■ **Input records**
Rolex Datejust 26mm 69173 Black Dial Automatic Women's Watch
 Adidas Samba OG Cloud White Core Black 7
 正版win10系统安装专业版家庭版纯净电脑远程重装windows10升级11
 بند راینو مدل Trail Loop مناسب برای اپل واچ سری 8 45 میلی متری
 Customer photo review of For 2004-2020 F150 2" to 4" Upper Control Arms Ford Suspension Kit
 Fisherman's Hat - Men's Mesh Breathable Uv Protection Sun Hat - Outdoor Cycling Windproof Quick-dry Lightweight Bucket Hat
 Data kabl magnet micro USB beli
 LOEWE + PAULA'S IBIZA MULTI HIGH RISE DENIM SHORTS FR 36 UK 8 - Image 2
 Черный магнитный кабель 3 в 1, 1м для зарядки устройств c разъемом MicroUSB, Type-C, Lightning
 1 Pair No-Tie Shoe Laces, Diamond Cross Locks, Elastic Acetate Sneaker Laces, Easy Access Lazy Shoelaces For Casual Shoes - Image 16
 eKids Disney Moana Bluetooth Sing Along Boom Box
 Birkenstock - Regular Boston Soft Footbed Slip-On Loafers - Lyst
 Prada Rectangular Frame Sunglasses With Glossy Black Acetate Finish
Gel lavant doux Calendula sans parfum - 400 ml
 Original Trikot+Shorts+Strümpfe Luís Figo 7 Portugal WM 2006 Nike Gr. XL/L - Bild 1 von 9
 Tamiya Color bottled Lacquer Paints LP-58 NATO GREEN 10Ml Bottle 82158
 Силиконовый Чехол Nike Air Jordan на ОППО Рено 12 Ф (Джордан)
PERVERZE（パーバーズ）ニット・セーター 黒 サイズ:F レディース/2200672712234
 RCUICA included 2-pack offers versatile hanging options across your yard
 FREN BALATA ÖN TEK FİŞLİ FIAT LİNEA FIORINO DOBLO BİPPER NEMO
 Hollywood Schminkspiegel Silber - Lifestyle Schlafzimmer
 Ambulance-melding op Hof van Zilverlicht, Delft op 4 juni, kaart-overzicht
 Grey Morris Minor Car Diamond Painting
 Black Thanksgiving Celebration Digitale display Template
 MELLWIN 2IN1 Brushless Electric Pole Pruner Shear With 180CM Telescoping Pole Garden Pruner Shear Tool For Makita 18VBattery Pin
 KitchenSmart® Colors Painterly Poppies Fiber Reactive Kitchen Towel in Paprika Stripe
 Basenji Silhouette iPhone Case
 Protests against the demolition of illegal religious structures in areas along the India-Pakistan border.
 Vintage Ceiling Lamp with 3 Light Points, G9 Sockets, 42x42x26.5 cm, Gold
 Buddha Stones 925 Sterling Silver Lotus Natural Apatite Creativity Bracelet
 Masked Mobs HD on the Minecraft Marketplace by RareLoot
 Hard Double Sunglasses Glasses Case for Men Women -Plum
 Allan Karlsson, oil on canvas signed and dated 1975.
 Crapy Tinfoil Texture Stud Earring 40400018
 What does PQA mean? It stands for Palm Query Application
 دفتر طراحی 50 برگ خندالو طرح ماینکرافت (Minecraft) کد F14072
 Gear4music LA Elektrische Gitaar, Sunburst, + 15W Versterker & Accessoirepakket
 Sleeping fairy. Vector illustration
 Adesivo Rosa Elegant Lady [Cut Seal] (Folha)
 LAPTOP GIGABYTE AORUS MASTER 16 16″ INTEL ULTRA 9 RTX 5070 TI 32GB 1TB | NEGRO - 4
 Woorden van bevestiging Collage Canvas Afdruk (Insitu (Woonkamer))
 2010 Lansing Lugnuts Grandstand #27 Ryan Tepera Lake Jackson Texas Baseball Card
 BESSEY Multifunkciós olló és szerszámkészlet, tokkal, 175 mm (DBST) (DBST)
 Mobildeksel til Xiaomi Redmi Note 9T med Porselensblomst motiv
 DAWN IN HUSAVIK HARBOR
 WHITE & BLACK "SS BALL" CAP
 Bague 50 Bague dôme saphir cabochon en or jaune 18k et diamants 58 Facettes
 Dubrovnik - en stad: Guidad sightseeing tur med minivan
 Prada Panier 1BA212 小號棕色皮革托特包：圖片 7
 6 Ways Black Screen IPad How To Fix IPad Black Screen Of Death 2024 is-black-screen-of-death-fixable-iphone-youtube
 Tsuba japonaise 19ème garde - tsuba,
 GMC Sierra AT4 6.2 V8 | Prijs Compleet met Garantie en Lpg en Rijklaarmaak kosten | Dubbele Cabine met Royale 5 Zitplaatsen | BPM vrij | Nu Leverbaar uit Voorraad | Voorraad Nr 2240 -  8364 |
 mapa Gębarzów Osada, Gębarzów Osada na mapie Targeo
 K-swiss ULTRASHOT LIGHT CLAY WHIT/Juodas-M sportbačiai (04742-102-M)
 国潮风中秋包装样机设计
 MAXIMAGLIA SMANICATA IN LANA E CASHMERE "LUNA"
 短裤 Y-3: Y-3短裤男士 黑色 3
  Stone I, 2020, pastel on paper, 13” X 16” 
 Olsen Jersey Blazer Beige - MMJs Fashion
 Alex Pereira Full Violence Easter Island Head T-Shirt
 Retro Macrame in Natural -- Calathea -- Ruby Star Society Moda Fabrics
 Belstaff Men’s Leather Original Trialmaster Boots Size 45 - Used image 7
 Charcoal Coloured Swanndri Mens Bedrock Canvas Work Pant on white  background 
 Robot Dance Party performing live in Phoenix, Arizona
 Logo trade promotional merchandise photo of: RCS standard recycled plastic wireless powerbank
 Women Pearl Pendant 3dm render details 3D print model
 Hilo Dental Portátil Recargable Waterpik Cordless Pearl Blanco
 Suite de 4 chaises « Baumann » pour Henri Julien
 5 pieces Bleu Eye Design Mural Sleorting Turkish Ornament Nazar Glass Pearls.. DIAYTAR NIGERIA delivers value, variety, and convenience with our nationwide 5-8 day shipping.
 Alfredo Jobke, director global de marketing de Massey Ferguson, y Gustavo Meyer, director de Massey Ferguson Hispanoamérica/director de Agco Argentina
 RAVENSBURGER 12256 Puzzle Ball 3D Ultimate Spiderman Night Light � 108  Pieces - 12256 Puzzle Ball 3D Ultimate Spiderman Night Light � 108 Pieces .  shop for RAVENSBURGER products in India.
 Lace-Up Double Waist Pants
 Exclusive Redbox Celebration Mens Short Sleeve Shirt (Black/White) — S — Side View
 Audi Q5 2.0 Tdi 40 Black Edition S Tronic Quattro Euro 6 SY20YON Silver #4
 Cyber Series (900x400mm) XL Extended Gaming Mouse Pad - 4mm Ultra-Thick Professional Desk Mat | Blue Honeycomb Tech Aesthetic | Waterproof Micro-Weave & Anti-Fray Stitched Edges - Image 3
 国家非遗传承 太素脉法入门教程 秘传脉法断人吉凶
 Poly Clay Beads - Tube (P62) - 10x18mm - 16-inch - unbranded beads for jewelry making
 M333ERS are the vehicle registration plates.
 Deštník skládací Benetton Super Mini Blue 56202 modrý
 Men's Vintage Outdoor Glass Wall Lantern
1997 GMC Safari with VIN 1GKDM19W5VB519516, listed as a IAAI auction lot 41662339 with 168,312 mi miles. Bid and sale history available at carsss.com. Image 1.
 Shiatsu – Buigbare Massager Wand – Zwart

■ **Your assignment**
Filter the entries down to the lines that include the string "Nike".

■ **Exercise answer**
 Original Trikot+Shorts+Strümpfe Luís Figo 7 Portugal WM 2006 Nike Gr. XL/L - Bild 1 von 9
 Силиконовый Чехол Nike Air Jordan на ОППО Рено 12 Ф (Джордан)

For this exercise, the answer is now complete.